Hilltop matters here. The neighborhood has roughly half the average tree canopy of Tacoma overall, the result of decades of redlining, underinvestment, and planning that favored pavement over shade. Green Blocks exists to rebalance that math, block by block, with a goal of planting about 600 street trees between 2025 and 2027.
More info & eligibility map: Tacoma Tree Foundation — Green Blocks: Hilltop
Birds & Backyard Skills
Tahoma Bird Alliance — FeederWatch at the Tahoma Bird Alliance Office
Monday, Feb. 2, 2026
2–3 p.m.
Tahoma Bird Alliance Office (Conference Room)
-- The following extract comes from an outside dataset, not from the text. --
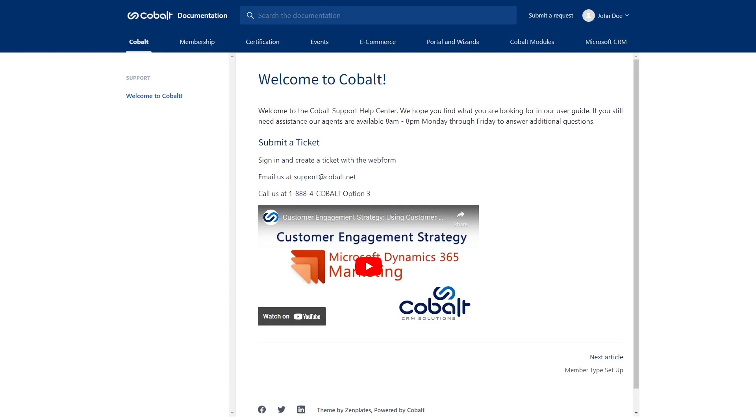To submit a ticket there are three different options for you to choose from. You can send an email at support@cobalt.net or call us at 1-888-4COBALT option 3. Or you can log into your account at support.cobalt.net and click submit a request.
2917 Morrison Rd W, University Place, WA 98466
Free | No RSVP required | Indoor event | ADA accessible
This is the civilized version of being outside: you stay dry, learn some bird names, and leave seeing your backyard like a busy little airport for wings.
FeederWatch is a drop-in, indoor hour where curiosity turns into usable skill — and actual data. Hosted by knowledgeable volunteers, the session invites your “what bird is that?” questions, feeder mysteries, and half-formed sparrow theories. You’ll practice identifying common backyard birds, trade sightings, and contribute observations to Project FeederWatch, which means your goldfinch drama suddenly counts.
It’s part mini-clinic, part social hour, part gentle recalibration for anyone who wants sharper ID instincts without wrestling a field guide alone at the kitchen table. No RSVP. No gatekeeping. No binocular flexing. Just show up and look closer.
More info: Tahoma Bird Alliance — FeederWatch at the Office
Movement, Miles & Post-Run Rituals
Fleet Feet Running Club — Monday Night Fun Run/Walk
Monday, Feb. 2
6–7 p.m.
Start: Fleet Feet Tacoma (Proctor District)
Free | All paces welcome | 3–5 miles
Monday evening loosens its grip at Fleet Feet Tacoma, where the Fleet Feet Running Club turns the workweek’s first night into a shared exhale disguised as movement.
This weekly run/walk is not a race or a test. It’s community motion — runners, joggers, walkers, run-walkers, and “I’ll see how it feels” humans moving together at a pace that bends to fit who shows up.
Routes shift. Conversations happen mid-stride. The only real rule is that no one gets left behind. Run it all. Walk it all. Mix honestly. The point isn’t speed or mileage — it’s showing up and letting motion sand the edges off Monday.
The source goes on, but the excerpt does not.